Having finished up watching Dragon Pilot with The Queen, I went in search of something else on Netflix that hit the right notes of “Enough action for Dad, but still sufficiently age appropriate and interesting for a six-year-old girl.” I landed on Girls und Panzer.
Originally airing in 2012, Girls und Panzer is a love letter to tank nerds which masquerades as a Moe high school anime. In the world of Girls und Panzer, girls only schools around the world compete in the noble art of sensha-dō” (戦車道, lit. “the way of the tank”), or “Tankery” in the English dub. Part mock battle, part martial art, it serves as the main reason in the show for having a wide variety of WWII (generally) era tanks engaging in non-lethal battles.

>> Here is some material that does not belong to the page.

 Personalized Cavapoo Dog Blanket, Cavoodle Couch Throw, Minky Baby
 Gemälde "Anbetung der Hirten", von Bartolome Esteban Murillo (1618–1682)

The show centers around Miho Nishizumi, a new transfer student who joins Ōarai Girls High School to get away from tankery. However, when the only way to keep her new school from being shutdown is for them to reconstitute a tankery program and win an international tournament, Miho takes command of the motley quintet of tanks that the students are able to scrounge up.
Let’s get this out of the way really quickly: the background world of Girls und Panzer makes no sense whatsoever. There’s all this military hardware (tanks, cargo transports, and aircraft carriers) but no particular reason for why it was developed in the first place. The girls of Ōarai Girls High School appear to live on a ShōKaku-Class Aircraft Carrier which has been converted to become a floating city. The American school appears to live on a Nimitz-Class supercarrier. Just file the background under Rule of Cool and leave it at that. We don’t need a massively detailed backstory to enjoy watching Shermans and Panzers fight each other, do we?

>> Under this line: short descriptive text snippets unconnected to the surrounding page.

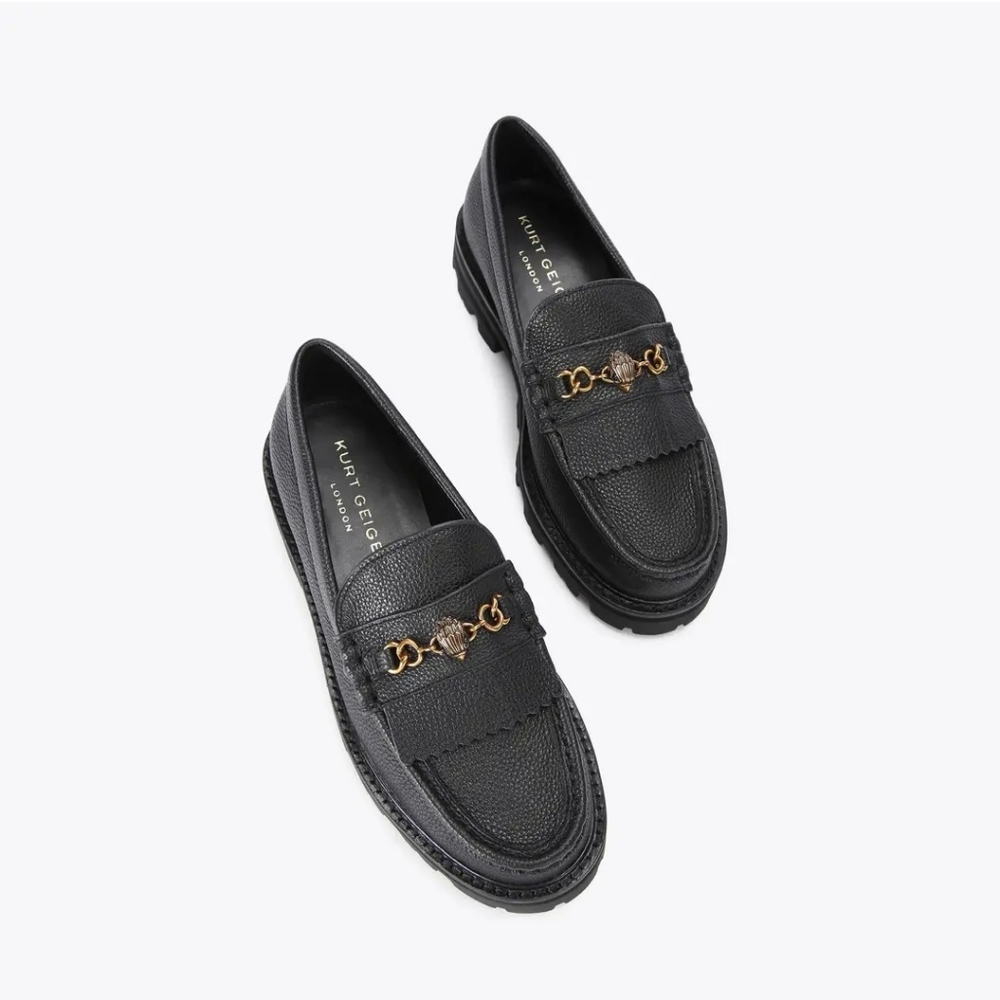 NIB Kurt Geiger Leather Carnaby Chunky Loafers, Black size EU 38.5 or US 8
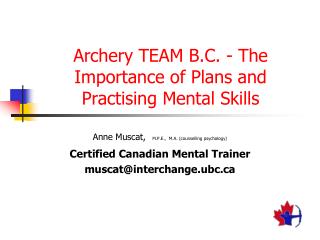 Archery TEAM B.C. - The Importance of Plans and Practising Mental Skills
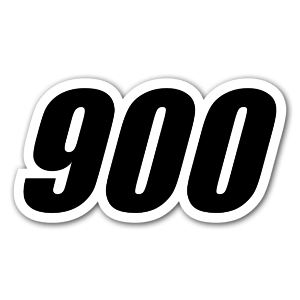 900 racing number as a sticker 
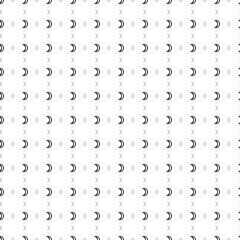 Square seamless background pattern from geometric shapes are different sizes and opacity. The pattern is evenly filled with black moon astrological symbols. Vector illustration on white background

The tank battles are the entire point of the show, after all. Ōarai Girls High School manages to initially field five tanks: a Panzer 38(t), Type 89 I-Go, StuG. III Ausf.F, M3 Lee, and a Panzer IV.Later on, they add a Char B1 bis, Porche Tiger, and Type-3 Chi-Nu. Against them are arrayed a series of other schools, each of which has some sort of theme: the English school uses only English tanks, the Americans mainly drive M4 Sherman variants, the Russians are mostly in T-34s, etc.
Every single tank that appears in this show has some basis in reality, even if only as a speculative prototype. This show is the reason that my YouTube recommendations are now full of Chieftan’s Hatch episodes, and a major factor in me finally jumping onto the War Thunder bandwagon. Take away the tanks and it’s a pretty standard story of “Eclectic group of high-schoolers save their school and learn lessons about friendship and cooperation along the way.” But that’s the point, it’s got tanks. Lots, and lots of lovingly researched, carefully rendered tanks. And that, quite honestly, is more than enough to make it worth watching. At the very least, it’s no sillier than Iron Eagle!